The IMS reflector leaves a bit of room left over around the edges. I filed a bit off the reflector flange and put a Tritium vial in there. Now I can find it in the dark.






:candle:


----------



## jar3ds (Feb 14, 2007)

cave dave said:


> The IMS reflector leaves a bit of room left over around the edges. I filed a bit off the reflector flange and put a Tritium vial in there. Now I can find it in the dark.
> 
> 
> 
> ...


 that is awesome!


----------



## ktronik (Feb 14, 2007)

Nice touch...  another great mod for the eos... where will it end...

Best

Ktronik


----------



## jar3ds (Feb 14, 2007)

ktronik said:


> Nice touch...  another great mod for the eos... where will it end...
> 
> Best
> 
> Ktronik


 lol... i know... Princeton Tec has got to be looking at these threads and learning a thing or two


----------



## cave dave (Feb 16, 2007)

The Trit is way better than the annoying blinking light on the PT Apex. Which only blinks for 24 hrs after last shutoff, and only if there are batteries inside.


----------



## TSD (Feb 25, 2007)

Alright, my IMS 17 mod is in, and my SCC P4 emitter just arrived. I am about to swap it with the current emitter, but want to make sure i understand what i need to do. 

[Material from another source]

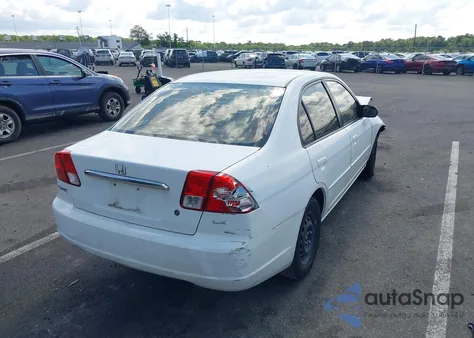 2003 Honda Civic Lx z USA, uszkodzony, nr VIN 2HGES16543H543328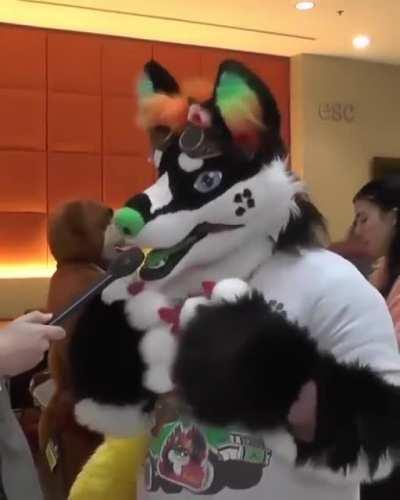 It looks like he's so uncomfortable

First, i need to take a razor blade and detach the heat kickback from the star. 

Then, i need to unsolder the current emitter from the star, then i twist it off with pliers. Is this bc it is attached with thermal epoxy to the current star? 

Okay, then i need to clean the star where it was attached to the emitter, and then i attach my SCC P4 emmiter to the star with thermal epoxy (do i really need to reattach it with thermal epoxy?) and resolder the leads.

Last i re-glue the heat kickback to the star

So, that should do it right? I'm guessing i should completely detach the star from the circuit board during this mod ( i.e. unsolder the + - leads)?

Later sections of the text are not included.